### Work order
Every record below must come back exactly as written, with the images dropped.

[Short text fragments from websites]

▼▼▼

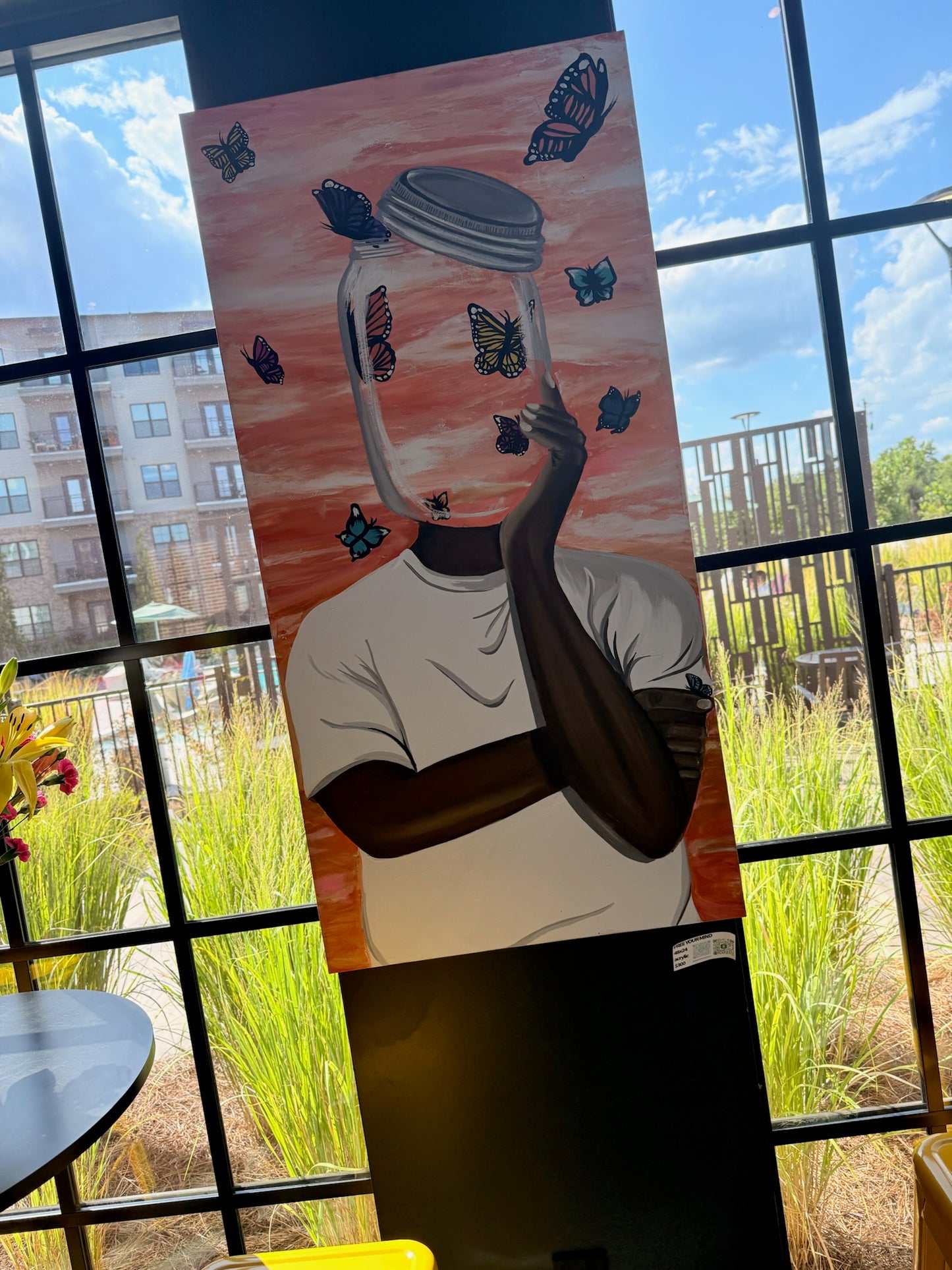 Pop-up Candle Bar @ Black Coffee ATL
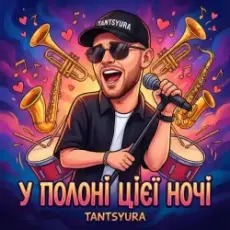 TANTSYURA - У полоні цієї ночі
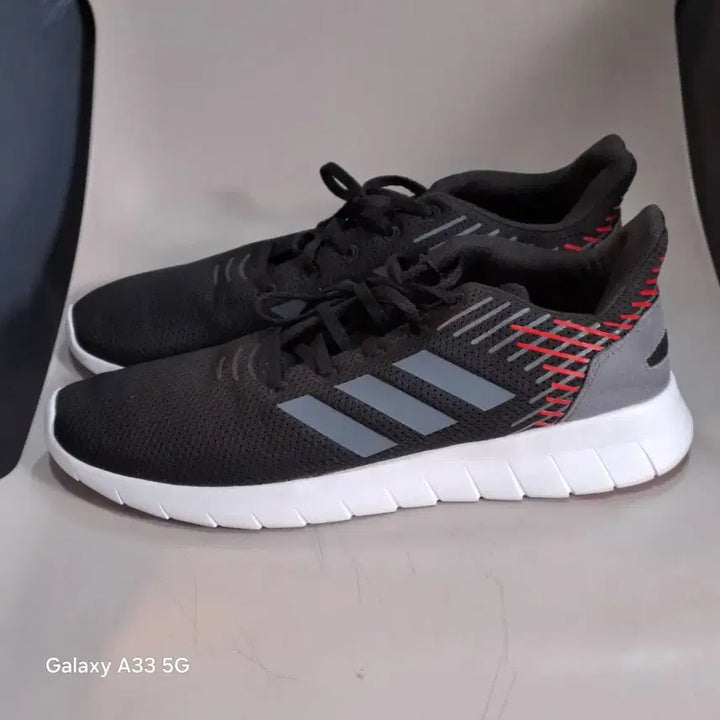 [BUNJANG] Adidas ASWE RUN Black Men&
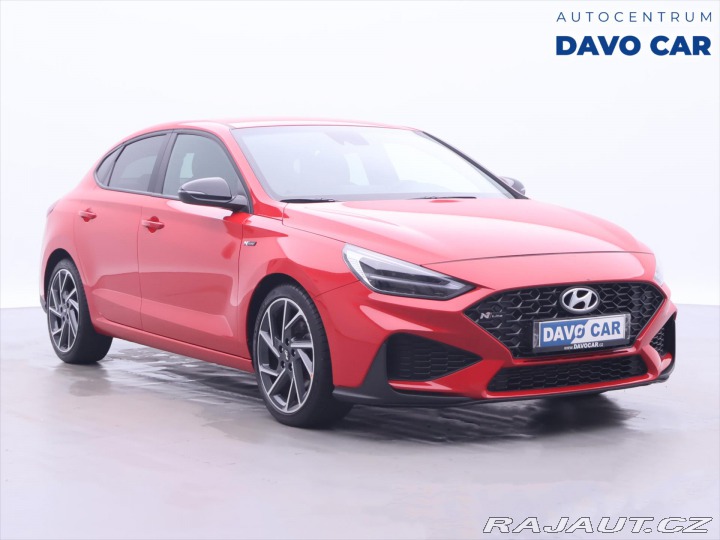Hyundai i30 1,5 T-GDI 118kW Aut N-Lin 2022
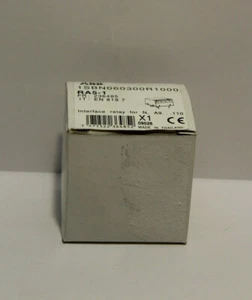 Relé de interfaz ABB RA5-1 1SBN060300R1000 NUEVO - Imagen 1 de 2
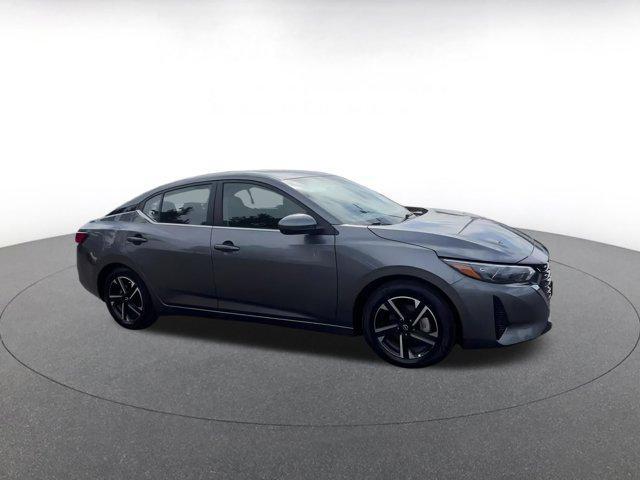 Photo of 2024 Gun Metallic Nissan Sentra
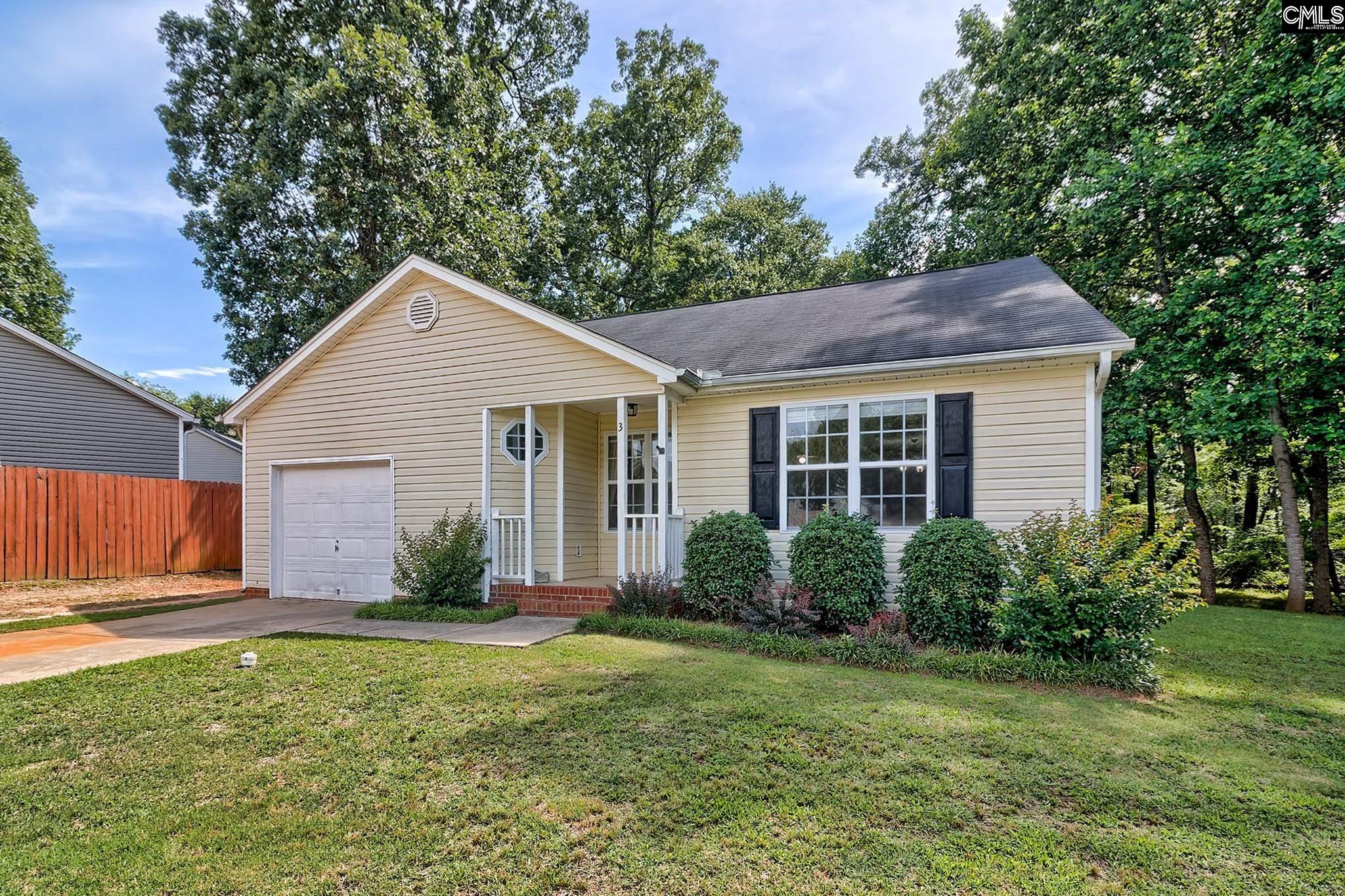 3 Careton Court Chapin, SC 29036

▲▲▲

### Your response
 Pop-up Candle Bar @ Black Coffee ATL
 TANTSYURA - У полоні цієї ночі
 [BUNJANG] Adidas ASWE RUN Black Men&
Hyundai i30 1,5 T-GDI 118kW Aut N-Lin 2022
 Relé de interfaz ABB RA5-1 1SBN060300R1000 NUEVO - Imagen 1 de 2
 Photo of 2024 Gun Metallic Nissan Sentra
 3 Careton Court Chapin, SC 29036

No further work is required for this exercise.